— Provided records —
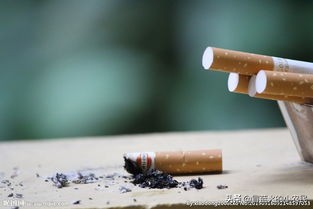 烟头回收生意(烟头回收怎么盈利？)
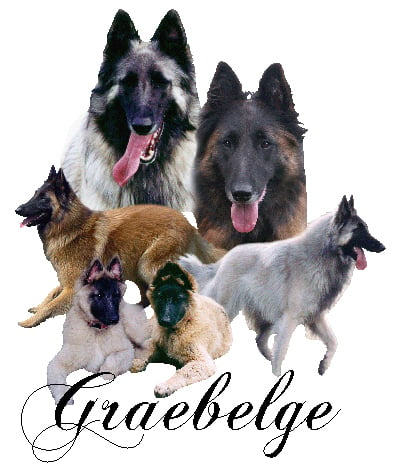 Graebelge Belgian Shepherds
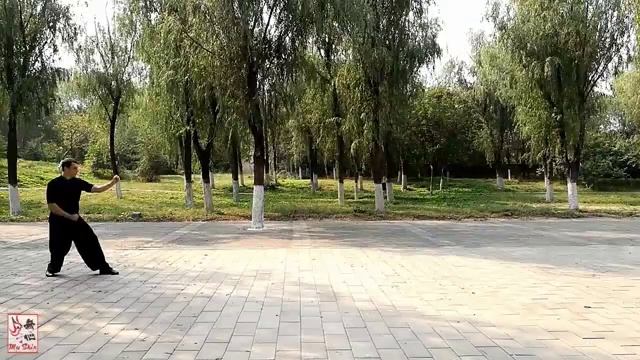 Десятиминутный учебник Синъи Цюань - Бэн Цюань (Сокрушающий кулак) Байрон Джейкобс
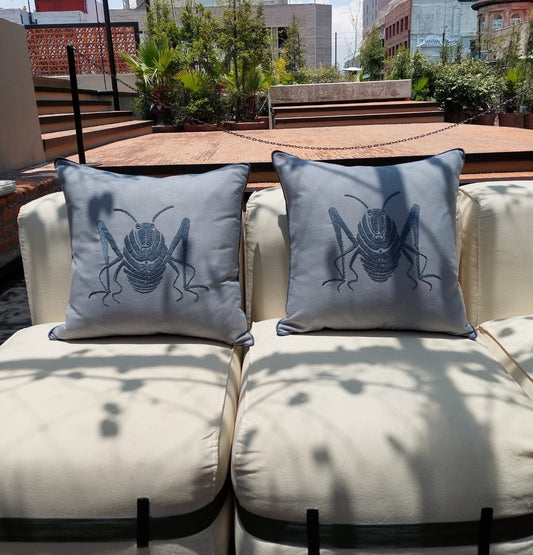 Cojín Mazahua Chapulín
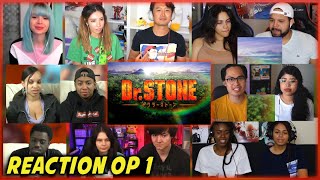 Dr. Stone Opening 1 REACTION ドクターストーン1反応 - 外国人の反応 / BYN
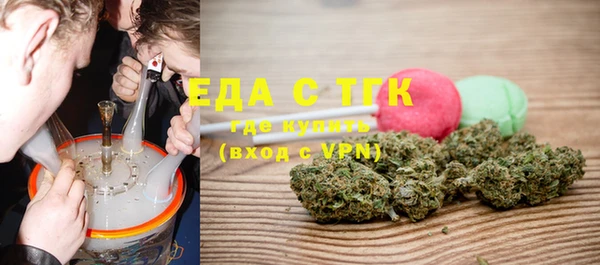индика Ельня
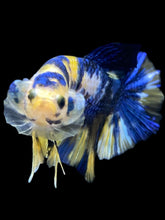 Load image into Gallery viewer, Male Halfmoon Plakat - Yellow Galaxy #2459 - Live Betta Fish

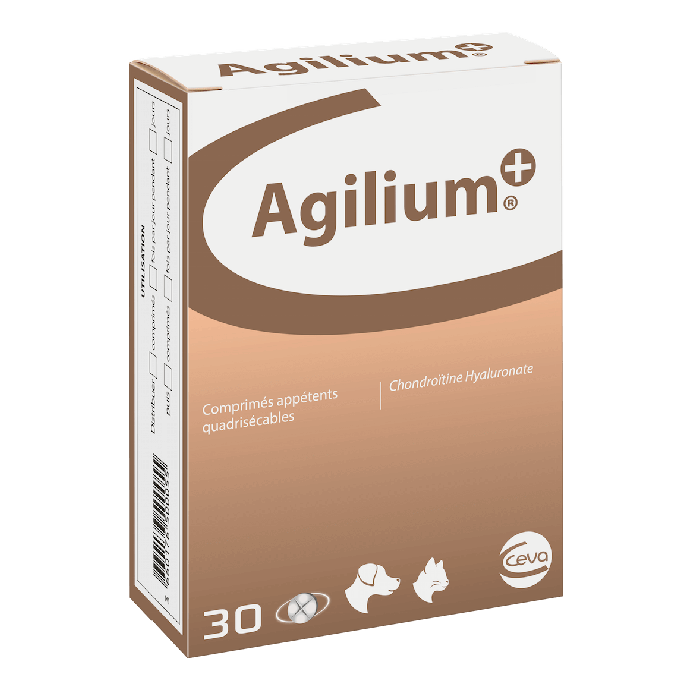 Ловкость 60 кпп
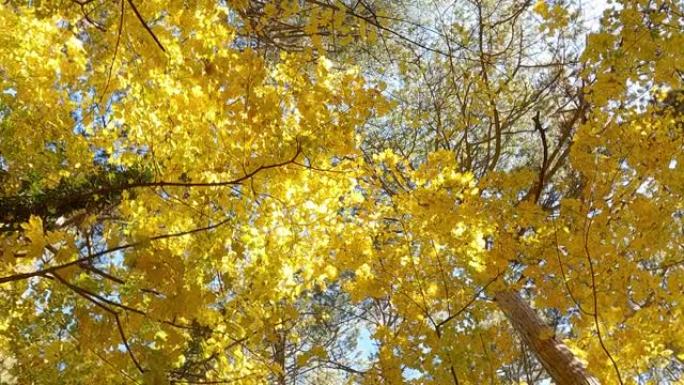 秋天树冠上的黄色叶子，叶子季节，底部视图，旋转。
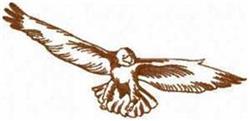 detailed bird redwork machine embroidery pattern - Redwork Eagle for patchwork quilt blocks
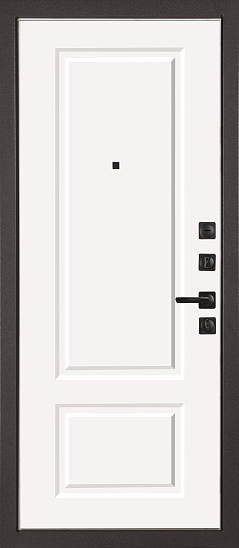 Входные двери для дома Теодор 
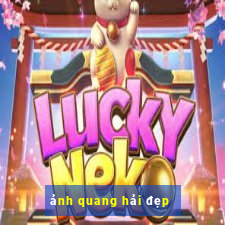 ảnh quang hải đẹp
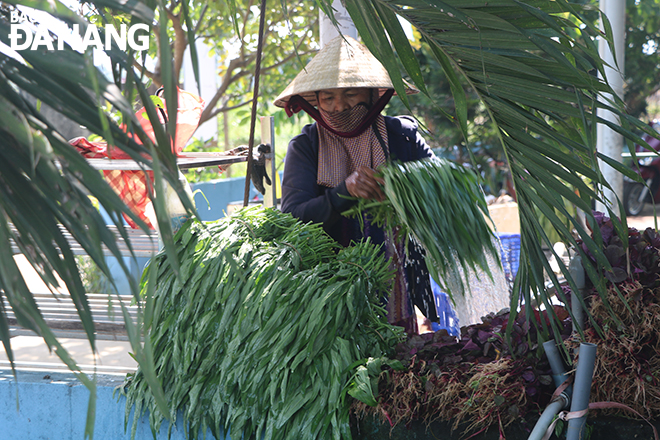 Một nông dân đang rửa rau muống để chuyển cho hợp tác xã. Ảnh: XUÂN DŨNG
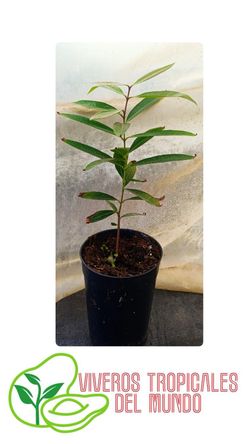Planta Pomarrosa Viva en Maceta – Árbol Frutal Tropical para Cultivo en Casa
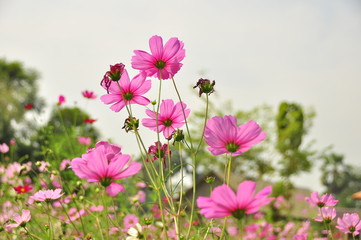 Cosmos red pink flowers in the garden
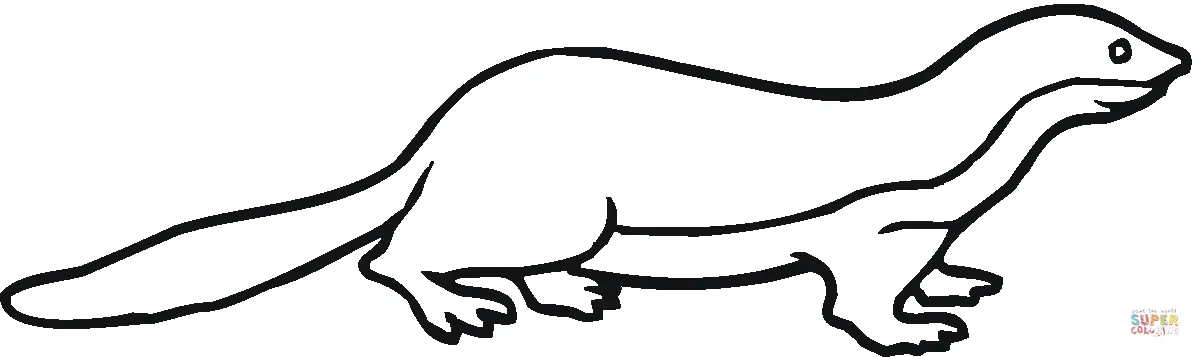 Badgers coloring pages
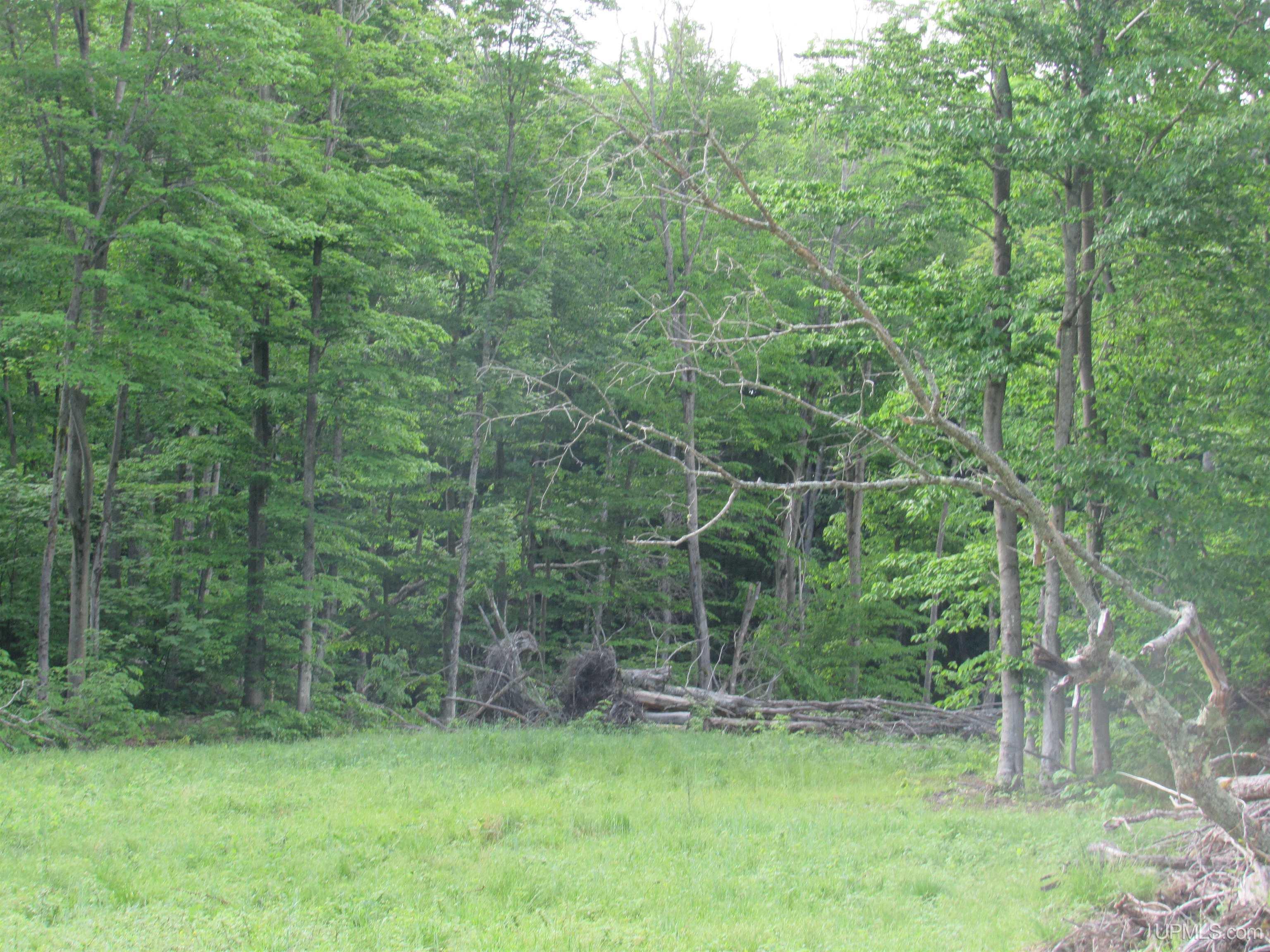 Tbd Tbd Sigan Camp Road Seney, MI 49883 - Photo 33 of 41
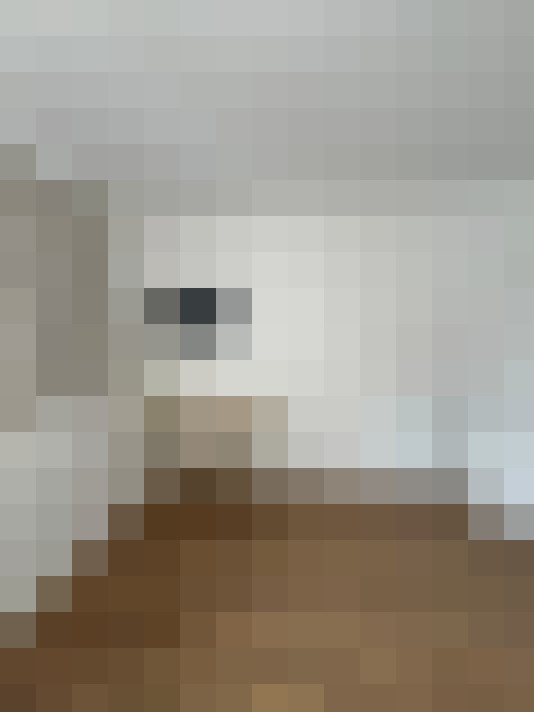  / #17
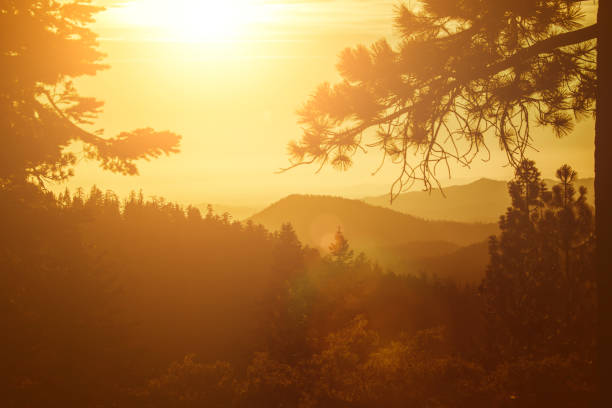 istock Sunset over forest in Yosemite National park 922889618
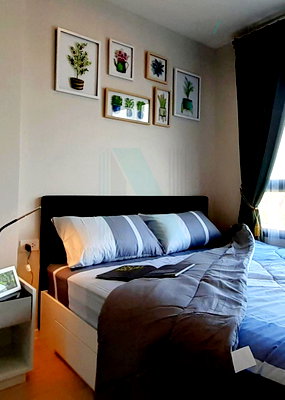 Condos for rent : For Rent Condo ICONDO GREEN SPACE SUKHUMVIT 77 PHASE 2 Building 1, Floor 6,1 bed room, Room size 25 sqm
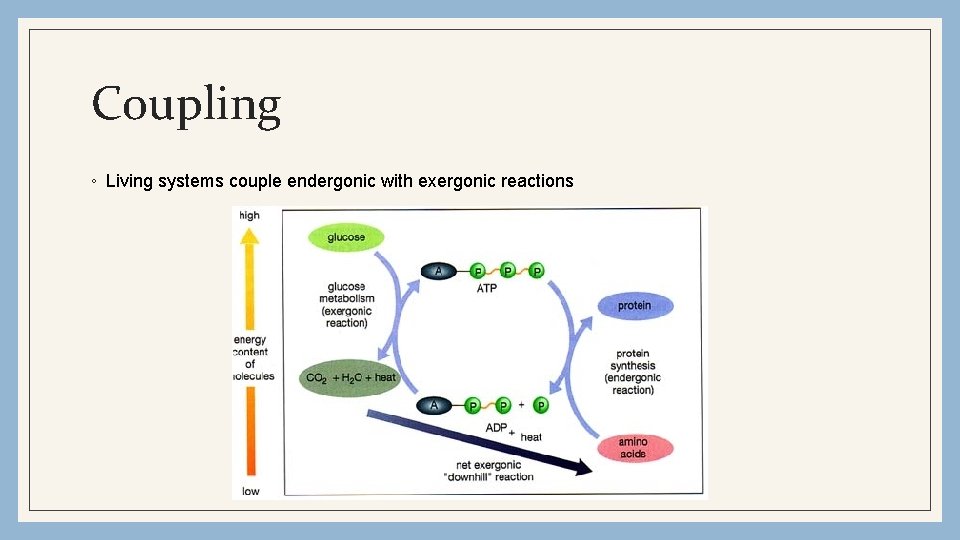 Coupling ◦ Living systems couple endergonic with exergonic reactions 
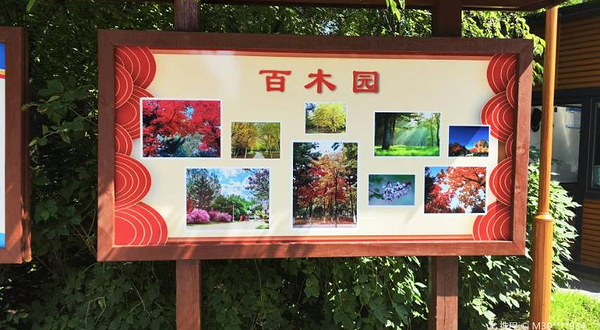 百木园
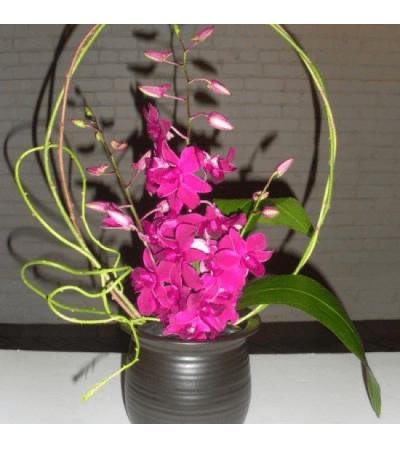 Orchid Stems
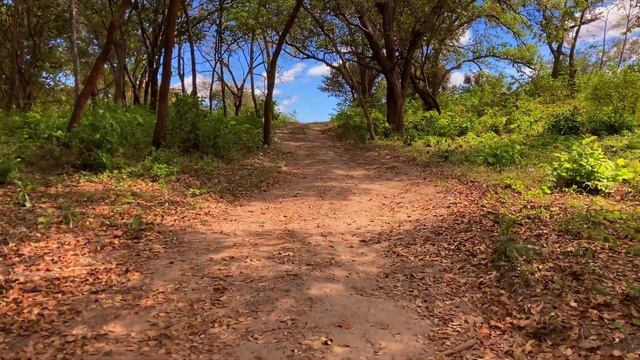 Liberia, Costa Rica 2021 смотреть онлайн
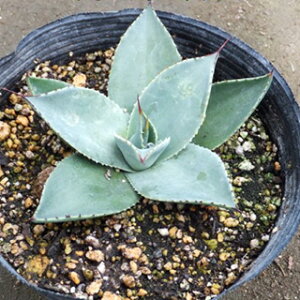 A AKx p[ ` 15cm|bg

— Exercise description —
From the line with "Coupling ◦ Living" to the last line of the material, both inclusive, set down every line exactly and nothing else; omit pictures.

— Answer to this task —
 Coupling ◦ Living systems couple endergonic with exergonic reactions 
 百木园
 Orchid Stems
 Liberia, Costa Rica 2021 смотреть онлайн
 A AKx p[ ` 15cm|bg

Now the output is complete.